Crasseuse, recouverte de boue et sans fer à lisser, juste par ma personnalité, j’arrivais à être aimée (c’est un bien grand mot mais tout le monde se souvient de ses premières amours et à quel point nous étions exalté.e.s et persuadé.e.s que c’était la bonne personne jusqu’à la fin de nos jours). Et cette révélation m’aide encore aujourd’hui, quand je me sens bête ou mal dans mon corps devant un garçon qui me plaît, en moi résonne cette idée que je suis intelligente, drôle, et que je n’ai rien à envier à aucune fille de la pièce.

J’ai pu sortir du culte de la beauté et de la perfection, et s’il y a une chose commune dans les messages de tous mes contacts pour cet article, c’est qu’elles aussi en sont sorties grâce à cette vie en forêt où l’on a la possibilité d’oublier son physique. Les hommes ne posent pas la question, il ne se voient pas de l’extérieur comme nous l’avons appris, comme un miroir permanent au-dessus de nos têtes qui nous surveille dans chaque faits et gestes. C’est si compliqué de sortir de ce contrôle total de nous-même, et cette bulle hors société sans miroir ou accessoires nous libère alors de cet auto-contrôle angoissant et épuisant, enfin cette opportunité de vivre entièrement l’instant présent et sans retenue. C’est dur au début, certaines prenaient un peu en cachette un tube de mascara qu’elles appliquaient semi-honteusement discrètement dans la tente, on arrivait en camps épilées par habitude du reste de l’année et parce que l’été, c’est bien connu, il faut systématiquement être douce et sans un poil qui dépasse selon la société. Mais au fil des jours, la repousse arrive, et en fait, c’est pas si terrible finalement… personne ne l’a ne serait-ce que remarqué, et même si c’est le cas ce n’est pas digne d’intérêt, aucune raison de le souligner.

Aujourd’hui, même si j’aime « prendre soin » de mon apparence (une autre expression stupide), que je suis très féminine, parfois jusqu’à son paroxysme, je le fais pour moi et pas pour plaire à la société, et je n’ai aucun mal à garder mes poils, sortir sans maquillage.
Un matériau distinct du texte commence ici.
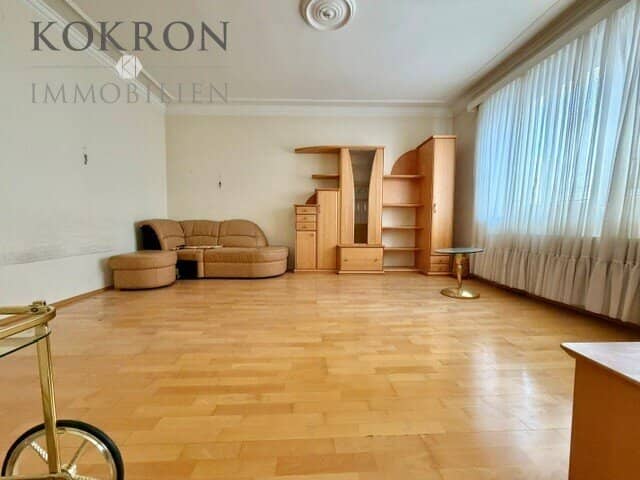 Helle 2-Zimmer-Wohnung mit Parkett und Balkon in zentraler Lage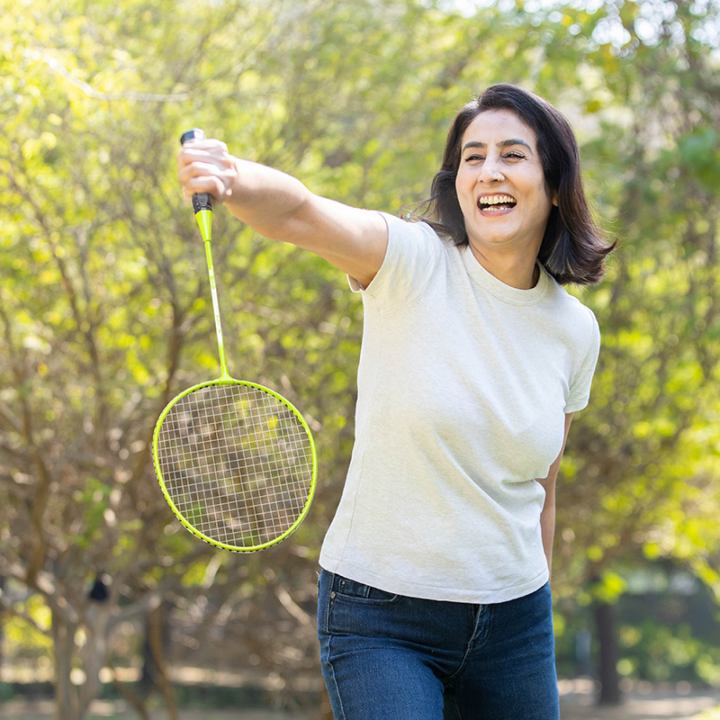 ไม้แบดมินตัน-ชุดแบดมินตัน-ไม้แบดแพ็คคู่-อุปกรณ์กีฬา-badminton-racket-พร้อมกระเป๋าพกพา-แถมฟรีลูกแบด-ด้ามจับกันลื่น-จับมั่นคง-ถนัดมือ-kujiru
Je ne me censure jamais dans les débats, je n’ai pas peur de m’énerver alors que l’on voudrait que je sois docile, quand je rencontre de nouvelle personne, je ne suis pas en compétition avec les filles comme beaucoup de copines s’en sentent obligées, et les hommes sont des interlocuteurs lambda. Je crois profondément à l’amitié filles-garçons, et mes meilleurs souvenirs sont les conneries faites en explo. Les éclaireur.e.s m’ont aidé à sortir de la pression sociale et de mes exigences envers moi-même, c’est en ça qu’ils ont étés déterminant dans ma construction de femme, m’ont aidé dans ma confiance, et montrés à quel point j’étais légitime dans tous mes choix passés et à venir. La jeune fille pleinement elle-même est devenue jeune femme pleinement elle-même n’importe où, n’importe quand.